WORK INSTRUCTIONS:
Wherever an image appears in the entries, drop it and reproduce everything else exactly.

-- DATA SECTION follows --

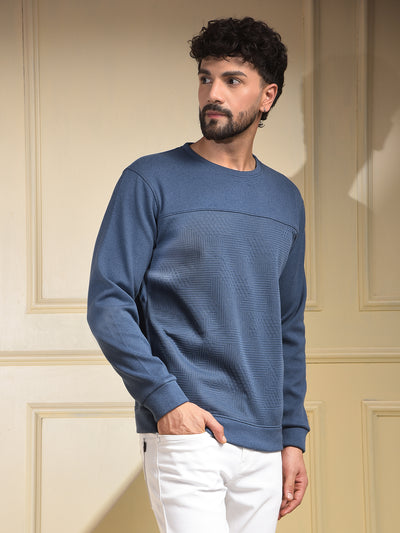 Geometric Embroidered Blue Sweatshirt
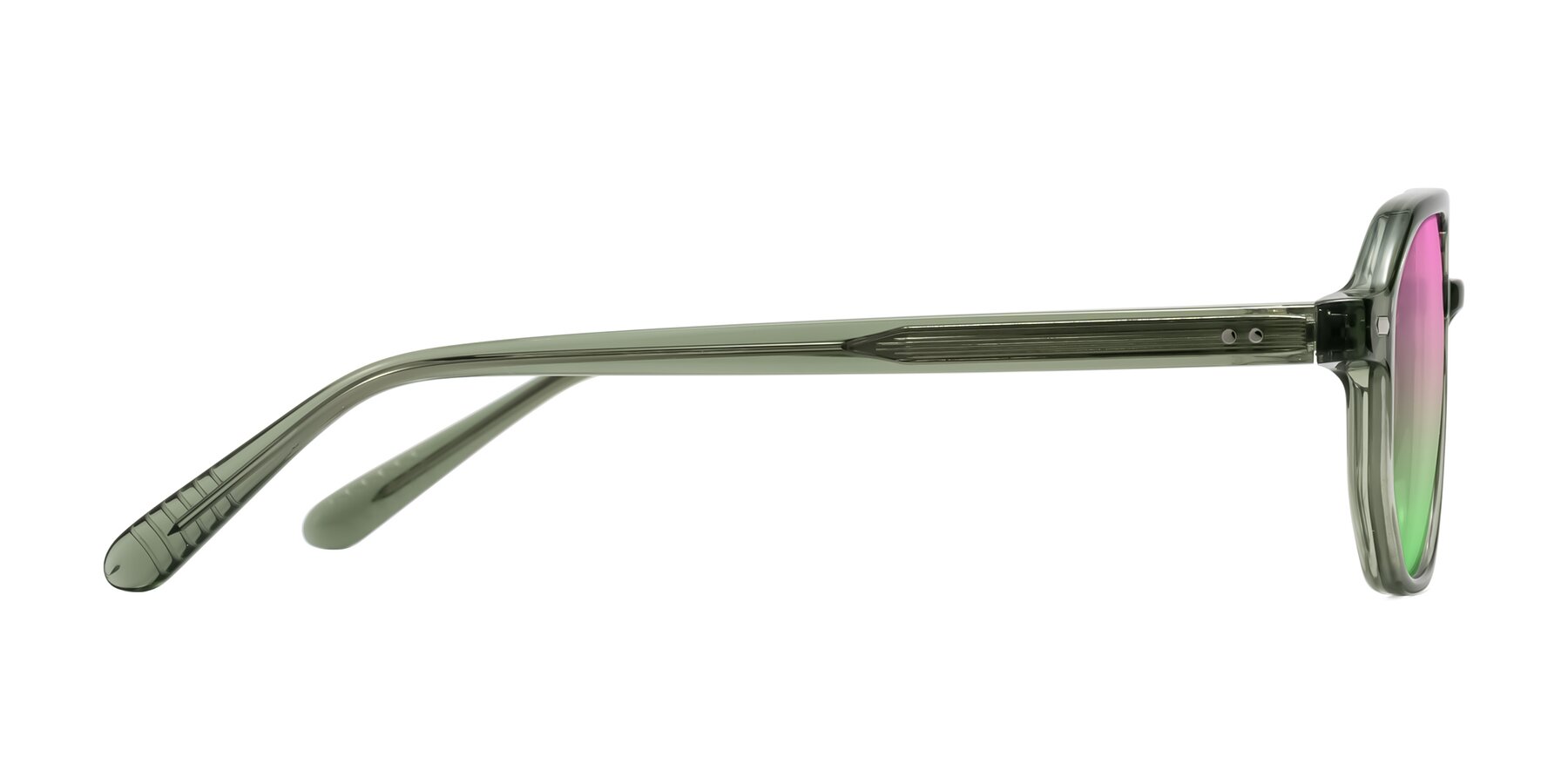 Side of Aguilar in Transparent Green with Pink / Green Gradient Lenses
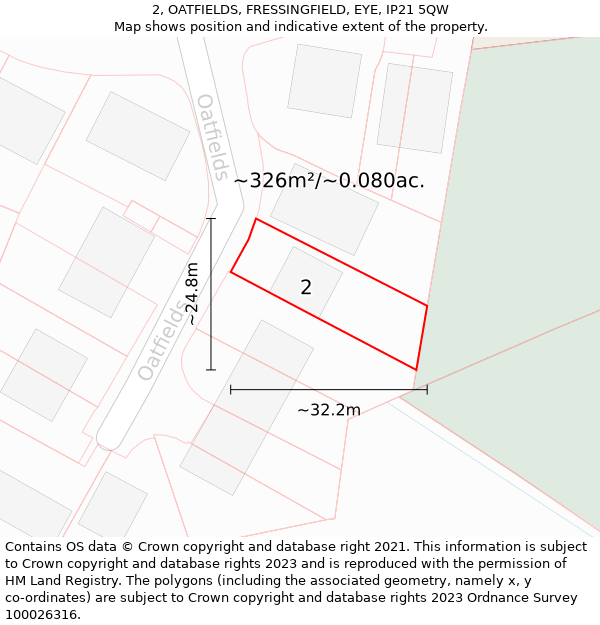 2, OATFIELDS, FRESSINGFIELD, EYE, IP21 5QW: Plot and title map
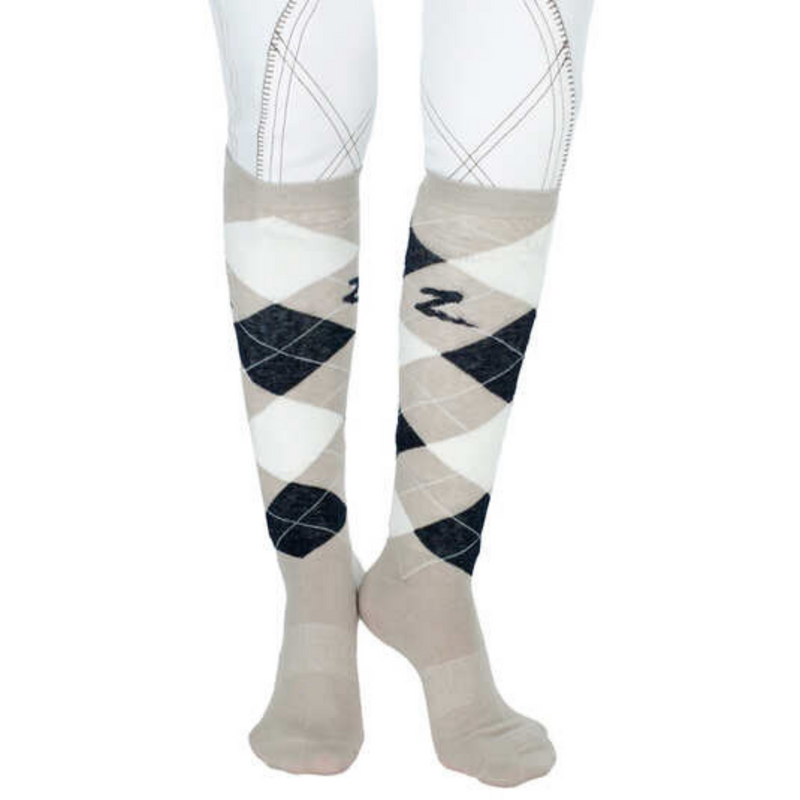 Horze Holly Argyle Riding Socks Beige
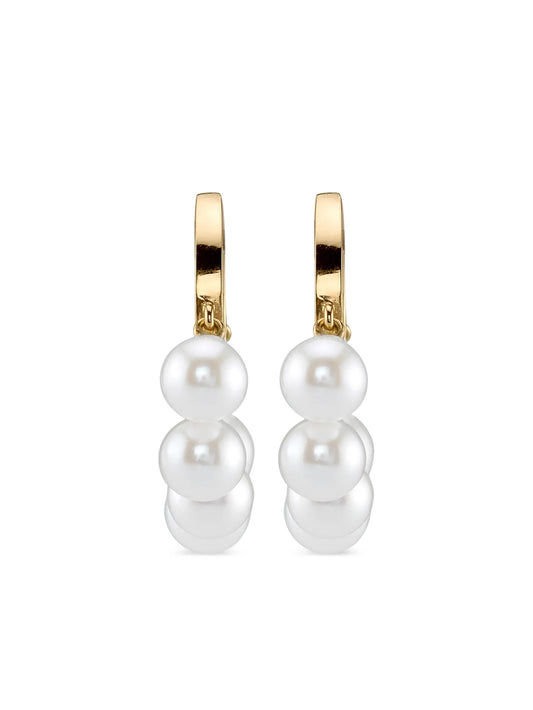 14kt yellow gold pearl drop hoop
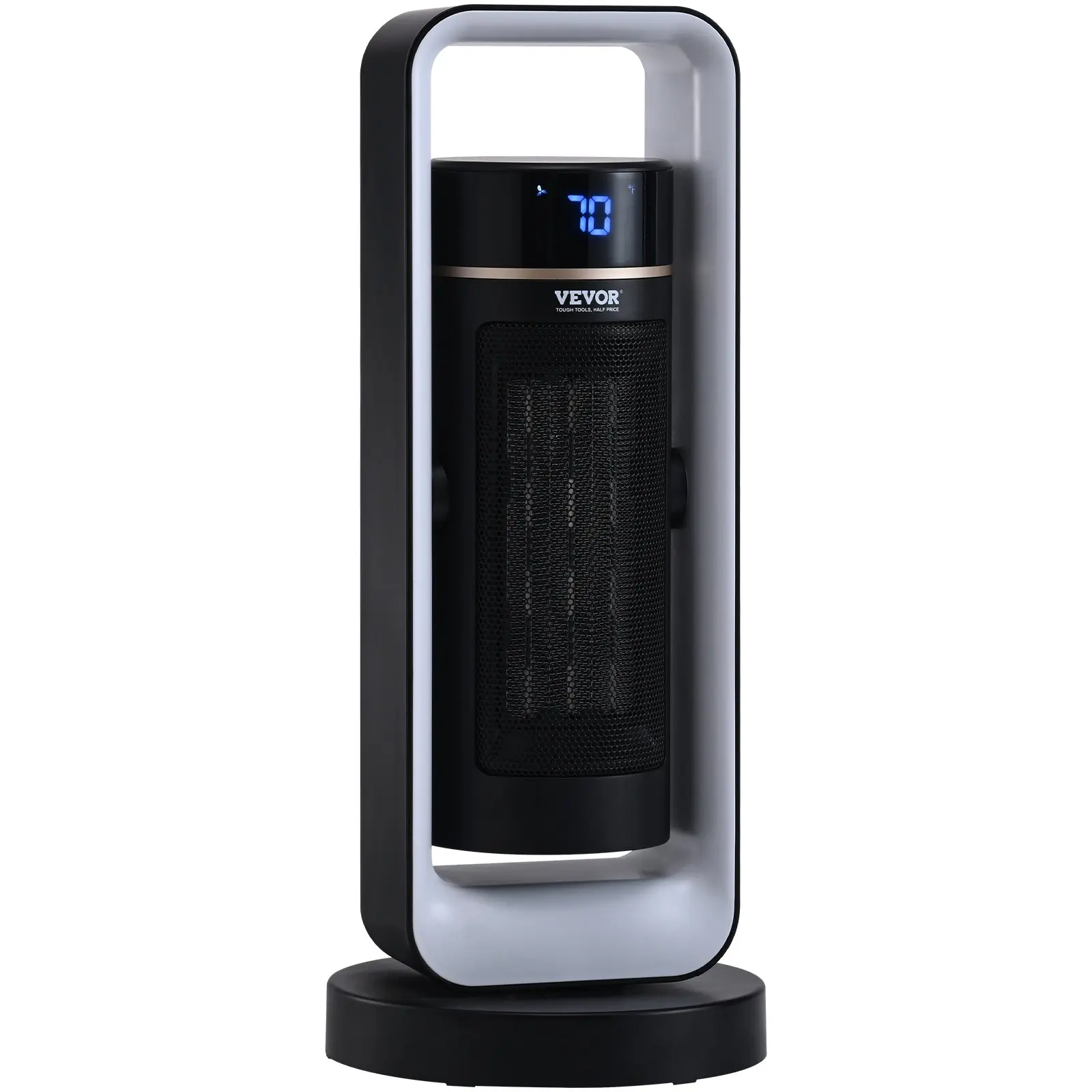 【summerfinds】VEVOR Electric Space Heater with Thermostat Remote Control, 1000W/1500W 2-Level Adjustable Quiet Ceramic Heater Fan, 20 in Tip-Over Shutdown Overheat Protection Small Heaters for Office Room Desk Indo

-- DATA SECTION concluded --

ANSWER TO THIS PROBLEM:
 Geometric Embroidered Blue Sweatshirt
 Side of Aguilar in Transparent Green with Pink / Green Gradient Lenses
 2, OATFIELDS, FRESSINGFIELD, EYE, IP21 5QW: Plot and title map
 Horze Holly Argyle Riding Socks Beige
 14kt yellow gold pearl drop hoop
 【summerfinds】VEVOR Electric Space Heater with Thermostat Remote Control, 1000W/1500W 2-Level Adjustable Quiet Ceramic Heater Fan, 20 in Tip-Over Shutdown Overheat Protection Small Heaters for Office Room Desk Indo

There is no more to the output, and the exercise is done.